Sunday, September 5, 2010
Mom and Dad's Duxbury House
The house I grew up in on Tremont St was a small Dutch Colonial with a large circular driveway and beautiful field rock walls and stairs. Our one acre yard abutted a small swamp where we skated in the winter with our neighborhood friends.
We first went to Mrs. Clark's nursery school with ritz crackers and canned orange juice for snacks. Next we went to Duxbury public school for kindergarden; the hardest things we did there was getting our snow suits and mittens and boots on to leave. We also napped on the tile floor on a thin rug; that was hard too. I was Mary in the Christmas pageant we had wearing my mother's blue silk scarf on my head.
Grade school was next, in third grade I had Miss Paulding who had been my grandfather's, my father's and my teacher. She hit kids with a pointer in the bathroom.
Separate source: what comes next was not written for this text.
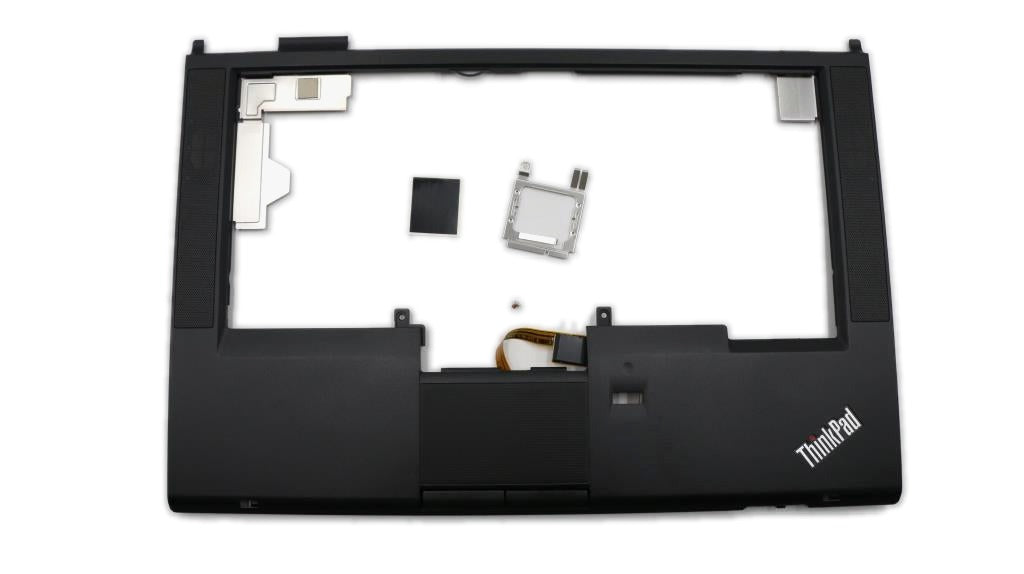Lenovo Palmrest FPR hole 00UP950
The town gave her a party when she retired; her gift was a new Pontiac sedan from Duxbury garage to replace her 1935 Buick. Grandpa Walter owned Duxbury Garage and had the Pontiac dealership.
Growing up in this house was not easy. My two sisters and I slept in the master bedroom, the walls were not plaster board but some form of cardboard used during the war for construction. Good for drawing on but, lousy for privacy. At night, I would say my prayers as fast as possible, accept a wet kiss from my grandmother and lie awake counting the rooms in my house compared to Sherry's or Pam's or Mrs. Day's across the street. As much as I could stretch the six rooms of my house my friends always had bigger homes, they all had more money.
Thus, began my interest in buying houses. I rode my fat tired second hand American bike up the hill past Mill Pond figuring how to buy the Sander's house; it was on the market for $28,000. I was twelve.